United States District Court, Southern District of Texas
Mar 24, 2023
Civil Action 4:22-CV-00712 (S.D. Tex. Mar. 24, 2023)

Opinion

Civil Action 4:22-CV-00712

03-24-2023

JOSE L. GALVEZ, Plaintiff, v. ARANDAS BAKERY NO. 3 INC, Defendant.,


MEMORANDUM AND ORDER COMPELLING ARBITRATION

HON. CHARLES ESKRIDGE UNITED STATES DISTRICT JUDGE

The motion by Defendant Arandas Bakery No 3 to dismiss or stay and compel arbitration is granted. Dkt 8.

1. Background

Defendant Arandas Bakery No 3 serves Mexican pastries and desserts. Plaintiff Jose Galvez was employed as a delivery driver for Arandas from October 2010 until October 2021. Dkt 1 at ¶¶ 12-14. Galvez contends that during his employment he was only ever paid for forty-five and a half hours of work each week, even though he always worked between sixty and seventy-two hours. He alleges that he never received overtime pay. Id. at ¶¶ 22-27.

Galvez filed this action to assert claims for failure to pay the minimum wage, failure to pay overtime, and willful violation of the Fair Labor Standards Act. He also pleaded collective action allegations and sought liquidated damages, attorney fees, and costs. Id. at ¶¶ 48-88.
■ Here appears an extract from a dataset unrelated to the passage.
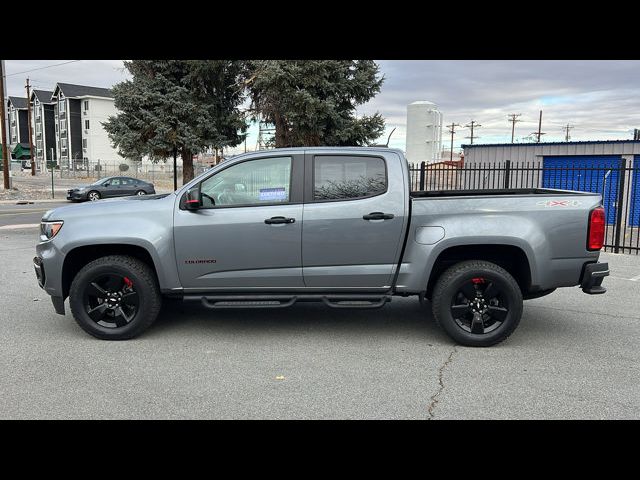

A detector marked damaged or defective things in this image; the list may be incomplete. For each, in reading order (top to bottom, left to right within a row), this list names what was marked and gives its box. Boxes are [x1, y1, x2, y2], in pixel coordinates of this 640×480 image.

cracked asphalt pavement [1, 227, 640, 418]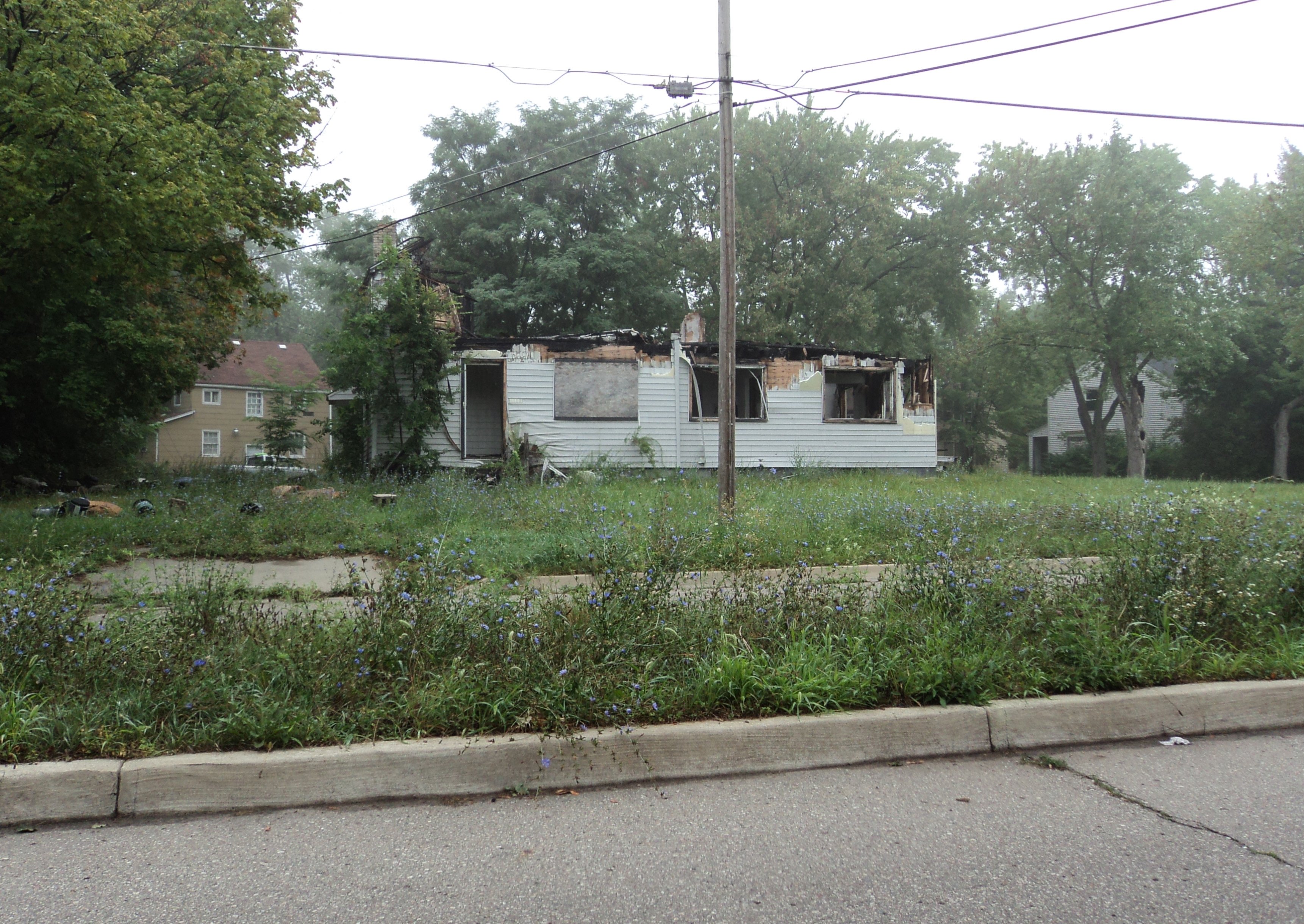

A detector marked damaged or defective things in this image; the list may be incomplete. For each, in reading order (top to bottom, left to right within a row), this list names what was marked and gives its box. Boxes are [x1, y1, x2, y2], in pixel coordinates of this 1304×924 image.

Arandas establishes that Galvez signed an employment agreement on October 17, 2010. Galvez is a Spanish-speaker, and he signed a Spanish version of the document. Arandas has attached both the signed document and a certified translation. Dkt 18 at 5-12 (signed arbitration agreement and translation).

The agreement that Galvez signed states that the purpose “of this Binding Arbitration Agreement, (‘Agreement') is to resolve claims by Arbitration, which mutually binds me and my employee Legal Entity.” Id. at 9 (translation, misinterpreting mi empleador as my employee rather than my employer).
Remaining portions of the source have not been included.